[Dataset items]

───

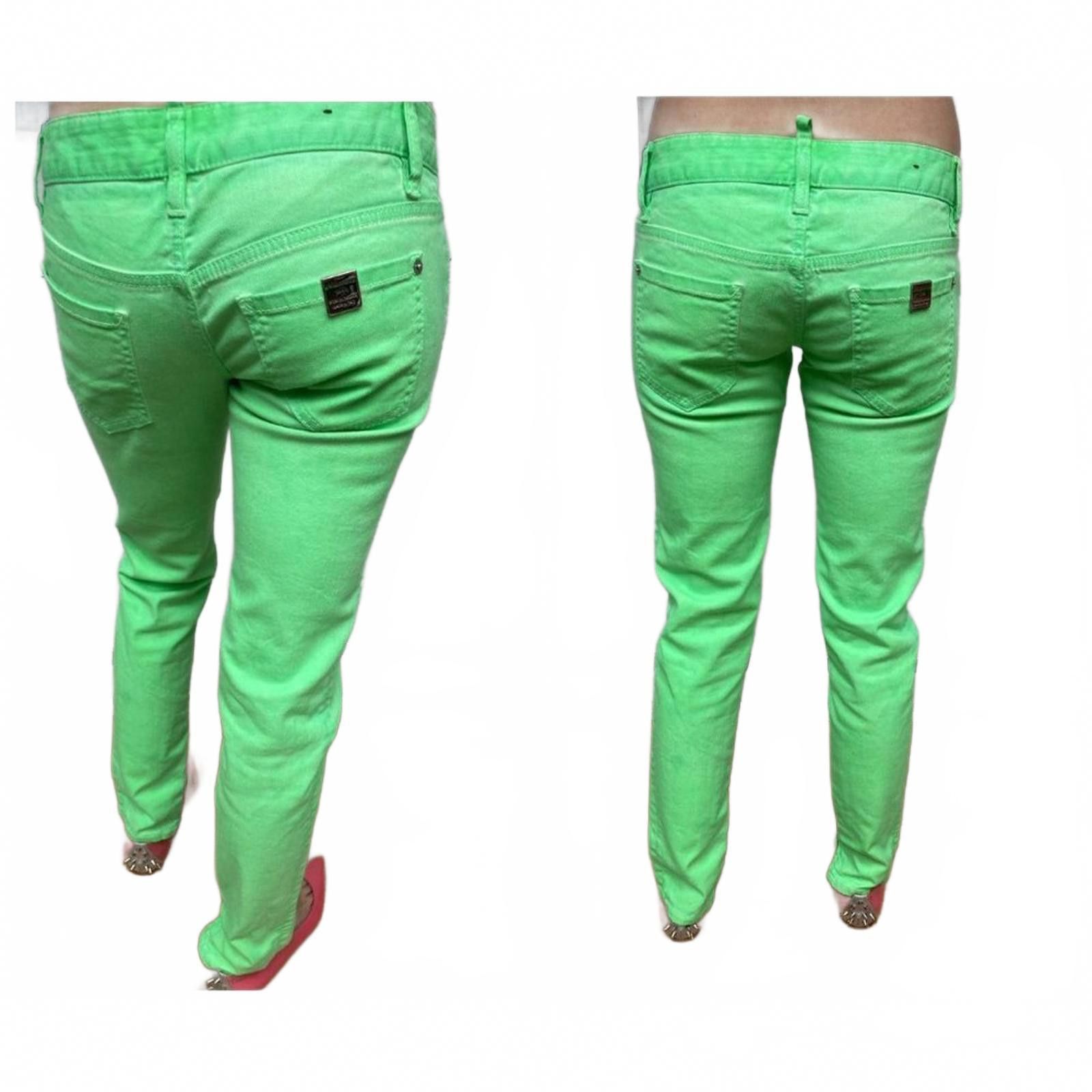 Dsquared2 Dsquared² 4 Neon Green Low-Rise Skinny Jeans Made in Italy Size 27" / US 4 / IT 40 - 2 Thumbnail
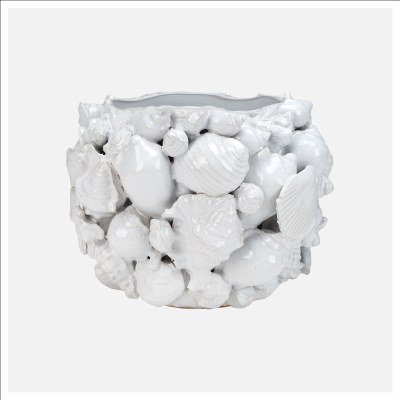 10" White 3D Ceramic Seashell Coastal Pot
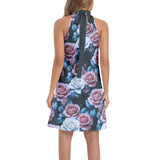 Tie Back Halter Neck Flared Dress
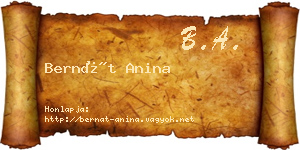 Bernát Anina névjegykártya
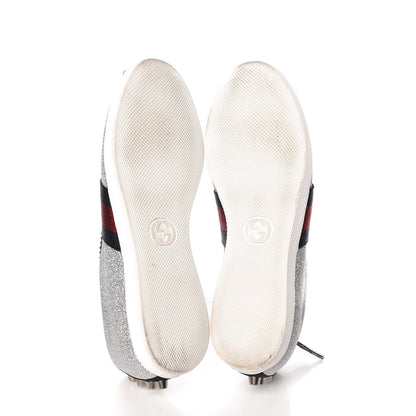 Gucci Glitter Fabric Studded Web Womens Sneakers 36 Silver 7 of 13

───

### Goal of the exercise
Retype the data above as given, letting no picture into the copy.

### Answer to this exercise
 Dsquared2 Dsquared² 4 Neon Green Low-Rise Skinny Jeans Made in Italy Size 27" / US 4 / IT 40 - 2 Thumbnail
 10" White 3D Ceramic Seashell Coastal Pot
 Tie Back Halter Neck Flared Dress
 Bernát Anina névjegykártya
 Gucci Glitter Fabric Studded Web Womens Sneakers 36 Silver 7 of 13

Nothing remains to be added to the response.